[Exercise input — start]

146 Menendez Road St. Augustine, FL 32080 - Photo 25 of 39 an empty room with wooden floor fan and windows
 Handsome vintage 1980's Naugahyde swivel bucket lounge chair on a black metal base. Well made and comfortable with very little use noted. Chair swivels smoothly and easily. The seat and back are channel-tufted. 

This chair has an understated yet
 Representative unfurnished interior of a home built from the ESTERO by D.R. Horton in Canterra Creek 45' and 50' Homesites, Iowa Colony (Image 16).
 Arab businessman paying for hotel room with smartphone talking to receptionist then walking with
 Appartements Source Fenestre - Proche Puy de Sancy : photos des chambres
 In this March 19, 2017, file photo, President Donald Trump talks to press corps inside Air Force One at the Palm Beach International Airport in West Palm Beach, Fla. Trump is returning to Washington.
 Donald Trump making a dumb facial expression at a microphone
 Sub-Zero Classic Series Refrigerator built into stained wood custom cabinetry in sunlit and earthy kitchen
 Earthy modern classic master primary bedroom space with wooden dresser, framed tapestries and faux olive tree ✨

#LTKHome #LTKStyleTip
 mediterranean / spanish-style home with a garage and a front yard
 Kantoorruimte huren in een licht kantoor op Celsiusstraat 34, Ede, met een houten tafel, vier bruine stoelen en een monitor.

[Exercise input — finish]

* [Assignment]
The response should consist of every record above, reproduced exactly.

* [Exercise solution]
146 Menendez Road St. Augustine, FL 32080 - Photo 25 of 39 an empty room with wooden floor fan and windows
 Handsome vintage 1980's Naugahyde swivel bucket lounge chair on a black metal base. Well made and comfortable with very little use noted. Chair swivels smoothly and easily. The seat and back are channel-tufted. 

This chair has an understated yet
 Representative unfurnished interior of a home built from the ESTERO by D.R. Horton in Canterra Creek 45' and 50' Homesites, Iowa Colony (Image 16).
 Arab businessman paying for hotel room with smartphone talking to receptionist then walking with
 Appartements Source Fenestre - Proche Puy de Sancy : photos des chambres
 In this March 19, 2017, file photo, President Donald Trump talks to press corps inside Air Force One at the Palm Beach International Airport in West Palm Beach, Fla. Trump is returning to Washington.
 Donald Trump making a dumb facial expression at a microphone
 Sub-Zero Classic Series Refrigerator built into stained wood custom cabinetry in sunlit and earthy kitchen
 Earthy modern classic master primary bedroom space with wooden dresser, framed tapestries and faux olive tree ✨

#LTKHome #LTKStyleTip
 mediterranean / spanish-style home with a garage and a front yard
 Kantoorruimte huren in een licht kantoor op Celsiusstraat 34, Ede, met een houten tafel, vier bruine stoelen en een monitor.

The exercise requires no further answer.